Todo lo que deseamos es estar cerca de los demás, sentirnos conectados al otro. Amar y ser amados. Compartir el camino de manera gozosa y liviana. Sin embargo, aunque las relaciones forman gran parte de nuestra vida, fallamos una y otra vez en encontrar satisfacción en ellas, lastimamos y somos lastimados. ¿Por qué boicoteamos nuestro bienestar y el del otro de ese modo?

Siguiendo a Su Santidad el Dalai Lama, que afirma que "Las mejores relaciones son aquéllas en las que el amor del uno hacia el otro excede la necesidad que tienen el uno del otro", ilustra en una simple línea la importancia de aprender a distinguir el amor del apego.

¿Qué es el apego?

Es una de las tres principales aflicciones enseñadas por Shakyamuni Buda derivada de la ignorancia raíz. ¿Cómo funciona esta mente?
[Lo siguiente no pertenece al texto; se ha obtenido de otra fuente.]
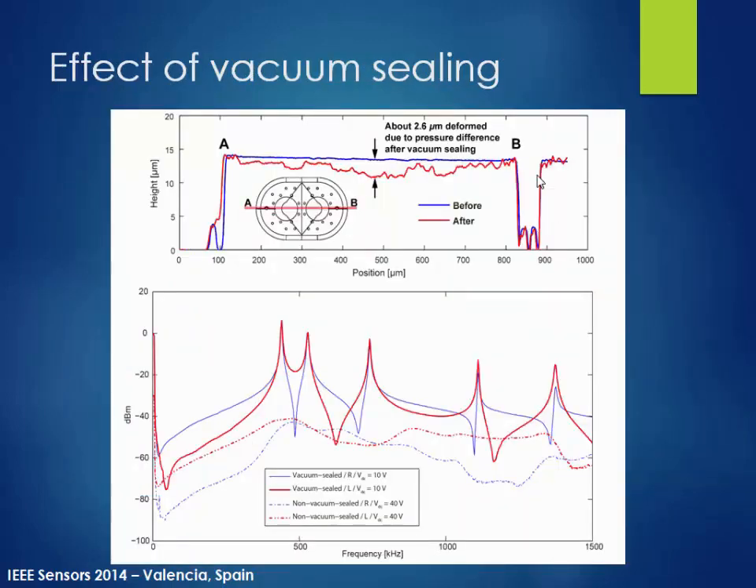Here's the measurement we did to verify the vacuum sealing effect. The first graph shows the profile change before and after vacuum sealing. Before vacuum sealing, the profile remains pretty much flat, but after the process, the pressure difference inside and outside effectively brings down the beam and also slightly deforms the diaphragm — we measured about 2.6 microns of deformation at the top surface. We also measured frequency response before and after vacuum sealing; the dotted line is before sealing, and the traces with sharp peaks are after — the effect is quite obvious.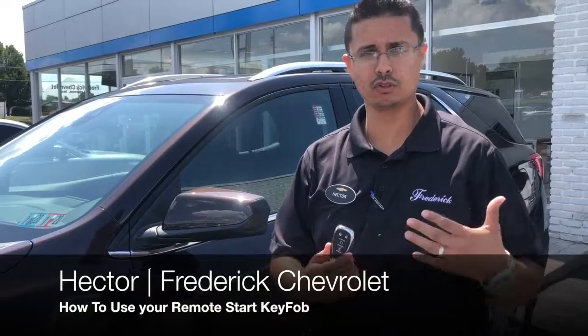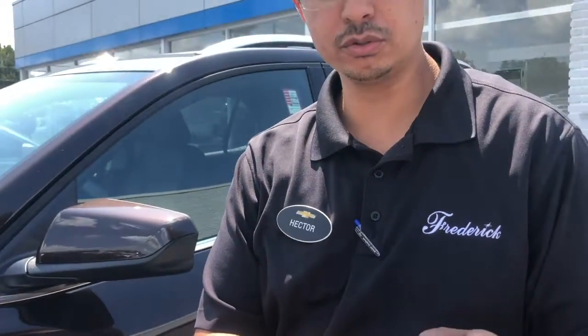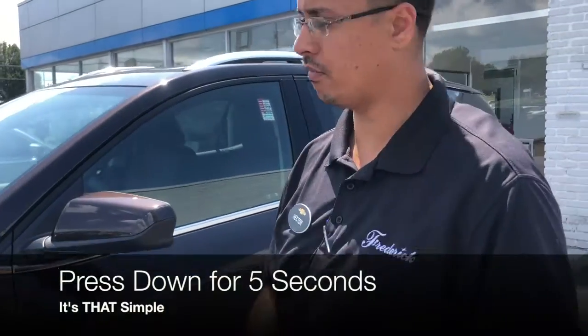So when you're getting ready for work, school, things like that, you'll see the little arrow on the key fob. Make sure your vehicle is locked, then hold it for about five seconds.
Una vez exageradas las buenas cualidades del otro, proyectamos una inmensa cantidad de expectativas y requisitos en la otra persona para que nos dé felicidad, seguridad, contención, satisfacción. Relacionados desde el apego, saturamos al otro de expectativas (muchas veces demandadas de manera explícita, otras tantas no dichas), y entonces ese otro ser humano vulnerable en su condición de sufrimiento y deseo de librarse de él, se convierte en un objeto para la satisfacción de nuestras necesidades. En el razonamiento de esta mente afligida, quien está en el centro es el yo, el que busca satisfacerse a costo del beneficio ajeno es el yo.
Cuando operamos desde esta aflicción, podemos hacer todo tipo de locuras con tal de preservar o modificar al otro para que se adapte a nuestras expectativas: manipulamos emocionalmente y muchas veces hasta sacrificamos nuestros principios morales con tal de obtener lo que queremos.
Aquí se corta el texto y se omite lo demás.